For complex applications in production control the automobile industry relies on Artificial Intelligence in terms of Qualicision technology in over 120 production lines worldwide to calculate production sequences.
Due to the enormous combinatorial complexity of the questions to be solved here, it is indispensable that these solutions handle the process-related combinatorial uncertainty. Here, the relation to Deep Learning is strong. As with Qualicision, Deep Learning also requires controlled handling of combinatorial complexity, and hence dealing with the combinatorial uncertainty.
Both methods have solved the very complex combinatorial problem of mastering with algorithms the Asian game Go in an impressive way. Obviously, the complexity of the game Go with a combinatorial dimension of two to the power of one thousand two hundred excludes a complete search. For comparison, the problem of machine chess already solved earlier has a complexity of two to the power of four hundred.
How does AlphaGO manage to solve this? Roughly speaking, Go is understood and modelled as a sequence of moves in the sense of a Markov decision-making process. The speed of computing systems, which has increased enormously in recent years, has been combined with a very intelligent combination of a Monte Carlo Tree Search (MCTS) merged with two Deep Neural Networks into one architecture, with training duration extending several weeks and supported by massive parallel computing.
In the end AlphaGO ran on forty so-called search threads on 1202 CPUs and 176 GPUs in a parallel architecture.
Algorithmically, the MCTS method in the breadth-first search, i.e. in the selection of the next possible move, was limited by the so-called Policy Neural Network. The policy network outputs a learnt probability distribution in the search for the best possible moves, starting from a given position.
For limiting the search space, in the depth search the so-called value network is used, storing estimates in order to best evaluate the feasibility of a node without having to go through the underlying sub-depth explicitly. In an initialization phase AlphaGO's policy network was trained with approximately thirty million human-played positions of the KGS Go server available on the Internet.
The Value Network has learned evaluations of position nodes by playing against itself over and over again. In this manner AlphaGo distinguished more promising nodes from less promising nodes, improving that distinction by playing millions of games against itself.
In this way, a so-called Reinforcement Learning Architecture emerged, with MCTS as a search method and two Deep Neural Networks: the move selection network (Policy Network) and the sub-depth limitation network (Value Network).
This fascinating process converges and works brilliantly. In the later version AlphaGO Zero, the system only played against itself with one single interconnected neural network covering both purposes. Thus, the input of the human-played games was no longer required.
However, AlphaGO and AlphaGO Zero take advantage of the fact that the rules of the game Go are clearly defined and the set of rules is fixed by definition. Thus, the search space of the game positions is enormous but finite (the Japanese Rules of Go consist of fourteen articles and about twenty rules with related interpretive comments (see Excerpt of the Japanese Go Rules). In particular, the number of stone types is manageable: There are only two of them, white and black stones. Therefore, the resulting combinatorics is the uncertainty-giving element of the game due to its by enumeration de facto untreatable size.

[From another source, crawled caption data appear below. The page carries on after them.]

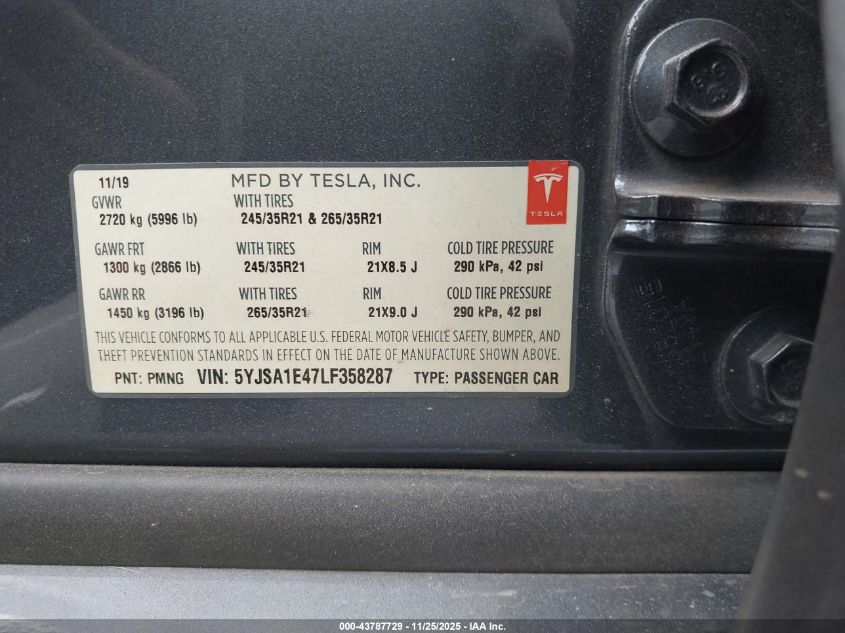 2020 Tesla Model S Performance Dual Motor All-Wheel Drive VIN: 5YJSA1E47LF358287 Lot: 43787729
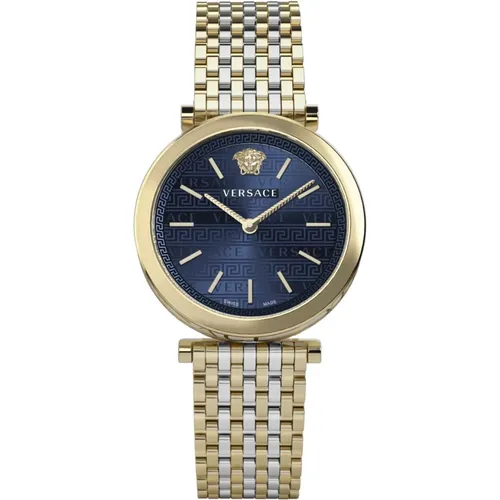 V-Twist Blaues Armbanduhr , Damen, Größe: ONE Size - Versace - Modalova
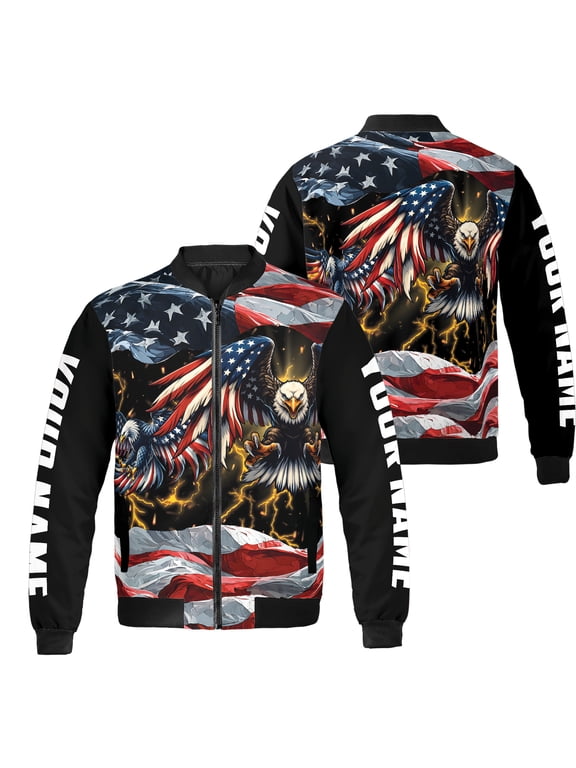 Personalized Patriotic America Flag Eagle Bomber Jacket S-5XL Multicolor (2XL), custom name eagle us flag bomber, america eagle bomber jacket
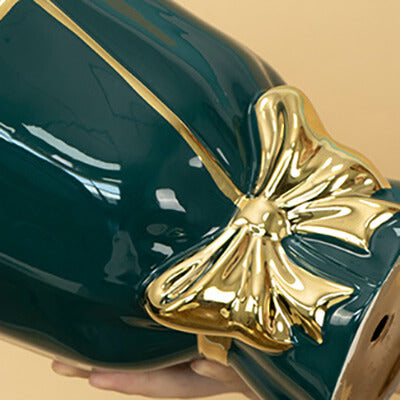 Lighteme Gold Edge Bow Ceramic Vase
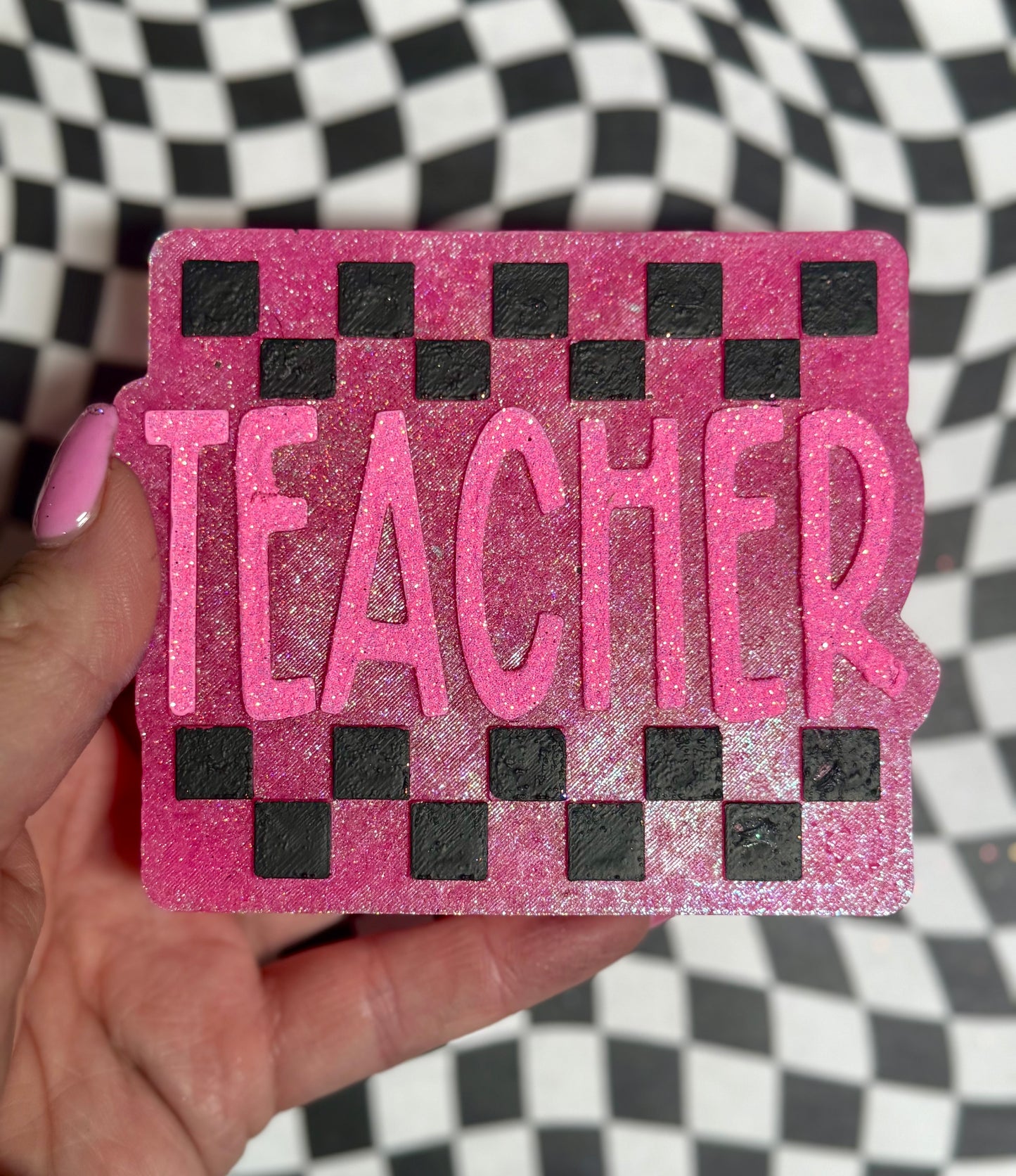 Pink Checkered Teacher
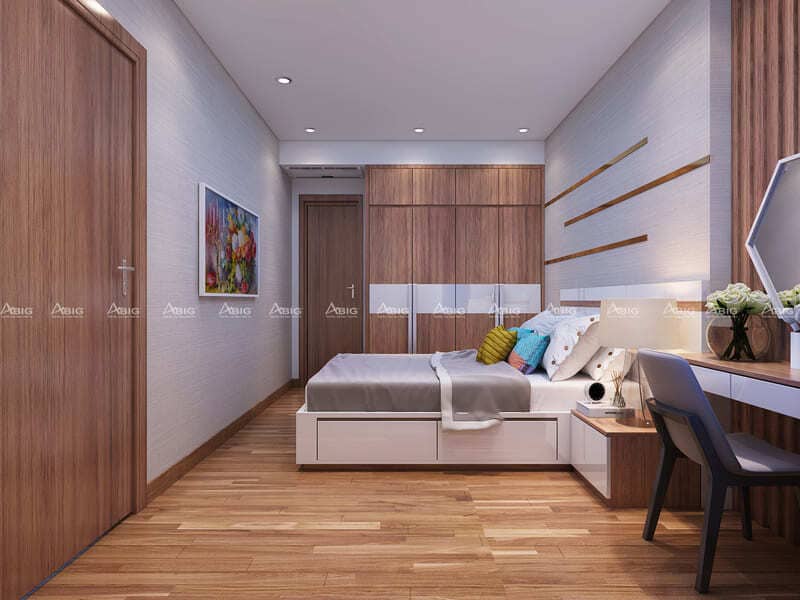 phòng ngủ được thiết kế nội thất gỗ đồng bộ tone màu chủ đạo của toàn bộ căn hộ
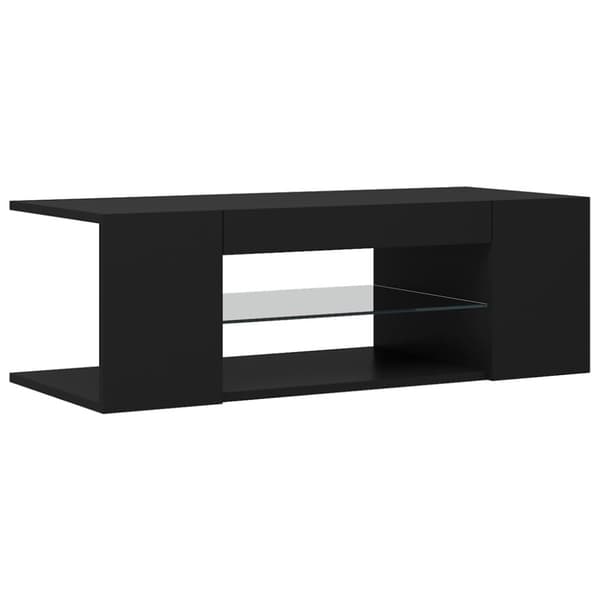 vidaXL TV-benk med LED-lys svart 90x39x30 cm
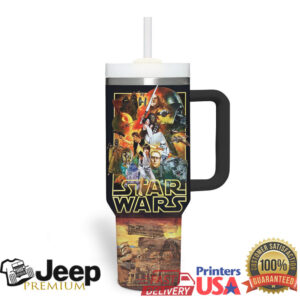 Silver Buffalo Star Wars Stainless Steel Tumbler with Handle and Straw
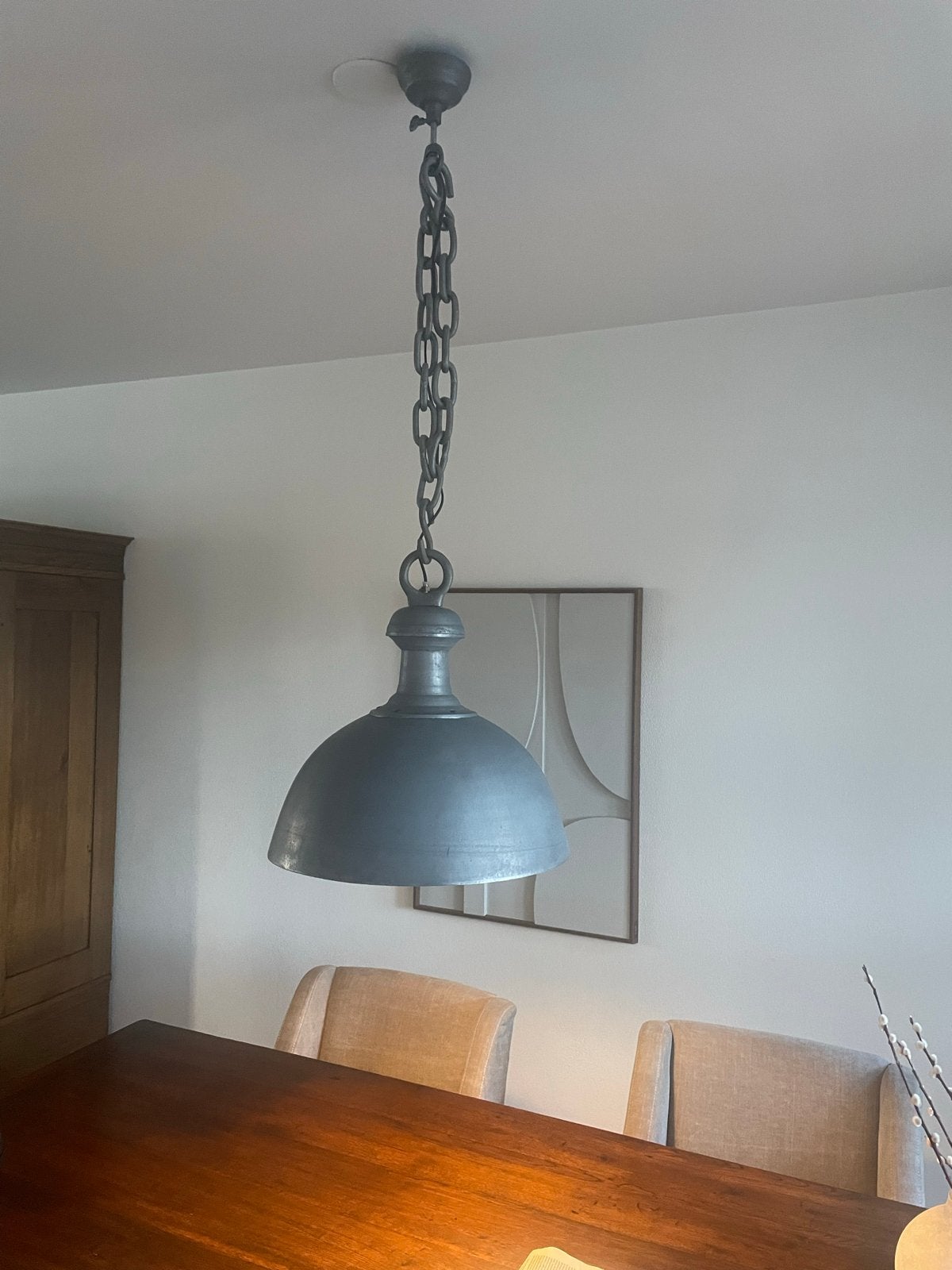 Stoere industriële hanglamp - perfect voor eettafel, Ophalen, Zo goed als nieuw, Metaal, E27 (groot)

The main object of the game Go is to use your stones to form territories by surrounding vacant areas of the board, thus occupying larger territories than your opponent. The Go board consists of a grid of 19 horizontal and 19 vertical lines, with 361 intersections. The empty points which are horizontally and vertically adjacent to a stone are known as liberties (green squares).
In the upper diagrams, the white stone has four liberties and the black string has 6 liberties.
No isolated stone or solidly connected string of stones without liberties (horizontally or vertically adjacent empty points) can persist on the board. All stones without liberties (called prisoners) are removed from the board.
The lower diagram shows that white playing can set a stone on the liberty (green dot), thus capturing the black string. More Go rules and strategies
The so-called game tree complexity can be estimated about 21.200
Now let us compare the game Go with the task of sequencing orders in an assembly line. Not infrequently a car factory produces in a day two thousand vehicles from an astronomically large number of order variants, which are to be sequenced in a way that meets the technical restrictions of the assembly lines. Compared to the game Go these are the rules of the game in this context (see Dimensions in sequencing of assembly orders in car factories). An example of such rule is that after two orders with a rear view camera at least two orders that do not include a rear view camera have to follow. A further example is that a white car in the sequence has to be followed at least by five more white cars. If a number of white cars have rear view cameras the result for the mentioned distance rule results in a puzzle problem similar to that of a Go game.
Certainly, the difference is that in a car assembly great many of such rules are to be considered, in most cases sixty to seventy, sometimes even over a hundred with interpretation tolerances. In addition, the number of orders and their composition (number of rear view cameras, leather seats yes/no, different colours, etc.) dramatically increases the complexity of sequencing.
Applied to the comparison with the game Go, here the type of the stones is not only not set as in the game Go to two but the number of stone types is open. It may differ from day to day, because the orders in their composition can vary from day to day, which means that there is a different number of order types on a daily basis.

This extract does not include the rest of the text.